Pumpking Emeritus for Perl 5.4 and Parrot

Journal of chip (65)

Sunday June 12, 2005
07:21 AM

Hackathon Day 1: Report

[ #25158 ]
APW was great. I talked about the Parrot project, and its goals and priorities. Please read it, either the OpenOffice version or the PDF export version.

Yesterday was the first day of the post-APW hackathon, and it was quite a day ... it started off with heavy design discussion and ended with me wandering around in a daze. Not that that's unusual, really.

Variable-length register frames were an early topic. Register spillage is inevitable when you have a limited number of registers in your machine. However ... and work with me on this ... Parrot is a virtual machine. We don't have a limited number of registers, unless we want to, and I'm pretty sure we don't.

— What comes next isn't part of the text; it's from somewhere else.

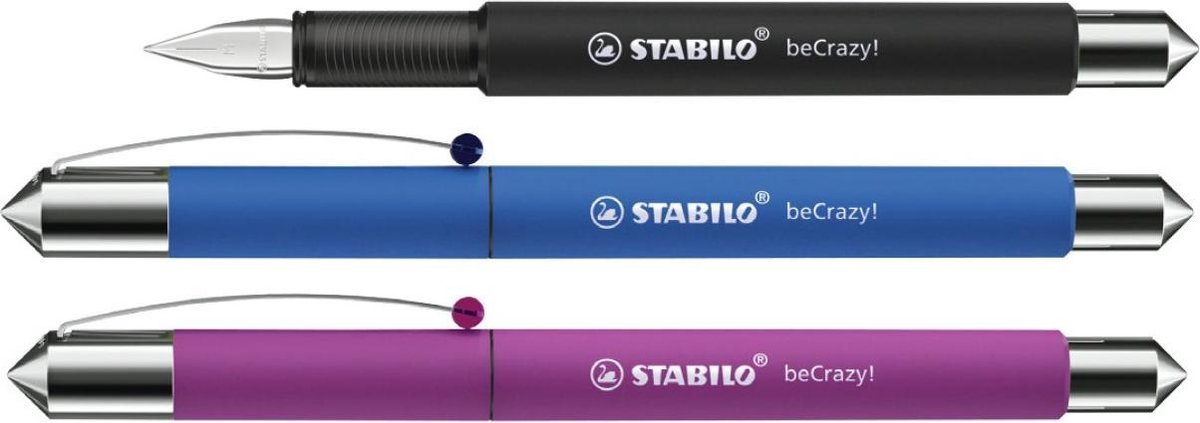 ontbijt Immoraliteit Uitrusting STABILO beCrazy! - Vulpen - Zwart + 1 inkt cartridge blauw | bol.com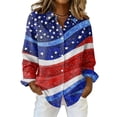 thumbnail image 1 of Domzest Womens Usa 250th Anniversary Shirt 4th Of July Graphic Shirts Patriotic V Neck Long Sleeve Butoon Down Tshirts Deep Red S, 1 of 5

PIR users will never notice the difference when register frames go all variable, since $P pseudo-registers were always infinite anyway. But things should get faster, and solving the problems of register allocation should be somewhat easier.

This is not a big deal to change, BTW. We even worked out how the JIT can handle it without loss of efficiency. Grabbing variable-sized hunks of memory is also basically a solved problem, what with, you know, strings and all.

(BTW, we have a new rule: PIR should be relatively stable, but it's OK to change pasm at any time, because humans should never write it. And fortunately it's not against the law to abuse silicon-based life forms.)

Calling conventions were the next topic. We'll have more specifics soon, but one thing Leo and I agree on is that the current convention is unnecessarily complex and an excessive burden on coders targeting Parrot. We're looking at abstracting it away from users so that all you have to write is "here are the arguments for the call I'm about to make" and "please put my incoming arguments in these registers".

Opcode count and policy was briefly discussed. The discussion was brief because Leo and I agree that the current opcode list is excessively broad. You don't make opcodes for all your IO and math and POSIX operations, for example. That's what libraries are for. So many opcodes will be migrating to standard libraries. Again, if you write PIR we can probably shield you from this change. PASM? You're on your own. :-,

Lexical implementation was actually a topic before we got to Leo's ... I totally missed watching the Austrian countryside as I explained the Perl 5 lexical implementation to Leo and Autrijus. Turns out that Perl 5 is actually an improvement on Parrot right now: Perl 5 knows that lexicals' names and scopes are known at compile time, so it compiles them then and never revisits them. Parrot, in contrast, actually builds and destroys the list of lexicals at runtime. Silly, isn't it? Well, that'll change. We'll have separate data structures for the names and scopes of lexicals (static) and their values (dynamic, created at subroutine entry (probably)).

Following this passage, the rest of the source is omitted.